Legislature lifts ban on guest ranches again

By Oregonians In Action Education Center
A property-rights education non-profit

A Short, Quiet, But Successful 2018 Legislative Session For Oregonians In Action,

The 2018 Oregon Legislature recently concluded their short legislative session. The session lasted approximately one month. For Oregonians In Action, the session was quiet, but nevertheless productive.

“Not much happened on the land use front in the short session,” said OIA President Dave Hunnicutt. “Since the session can only last for a maximum of 35 days, it is typical that land use bills take a back seat until the long sessions in the odd-numbered years. That was the case this year.”

Although land use bills were not prominent in this year’s short session, OIA managed to get two changes in the short session. House Bill 4031 allows guest ranches to be sited in central and eastern Oregon. Guest ranches, also known as dude ranches, offer tourists the chance to experience life on a working cattle ranch.

The guest ranch operates as part of the main ranching operation, and guests stay at the ranch and participate in a variety of outdoor activities, from horseback riding and hiking to actual ranching operations. The ranch gives tourists the chance to experience life as it was in the Old West, with the exception of having great meals and comfortable accommodations.

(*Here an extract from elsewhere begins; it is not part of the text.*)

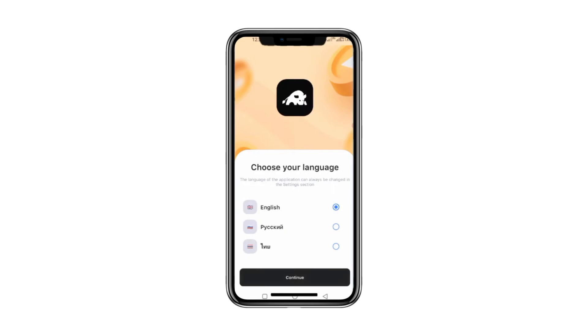Hello everyone. In this video, I'll walk you through how to use the CryptoGuru app and explain how to withdraw money from it. Let's get started.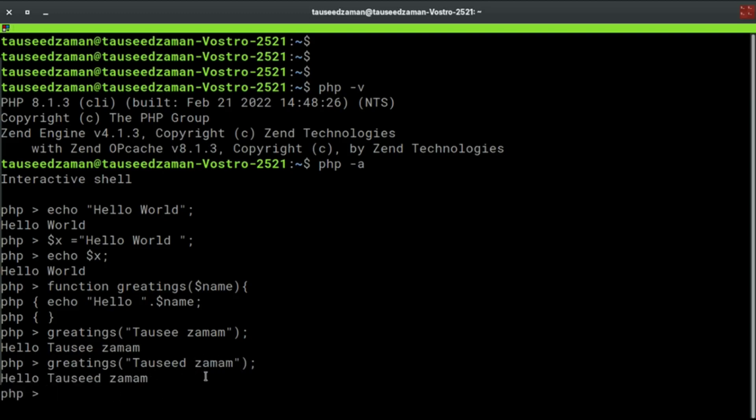You can write any PHP code you want and the PHP interactive shell will execute that code and give you response. You can try loops and other steps as well. Now let's see how we can execute a file. Here we are typing our code and then we are executing it this way.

Until 1997, guest ranches were outlawed in Oregon, as ranches operate in farm zones and guest ranches were prohibited in farm zones. However, OIA worked with the legislature in 1997 to establish Oregon’s first guest ranch law, and the law has been changed a number of times in the intervening years as guest ranches became a popular destination for tourists on the other side of the Cascades.

Unfortunately, the last guest ranch law had a sunset date of January 1, 2018, and the legislature failed to extend that sunset date. So as of January 1, 2018, guest ranches were again a prohibited use in farm zones across the state. OIA received a phone call late in 2017 from a guest ranch owner asking to extend the sunset, and in turn, we asked State Representative Brian Clem, chairman of the House Agriculture and Natural Resources Committee, to renew the law.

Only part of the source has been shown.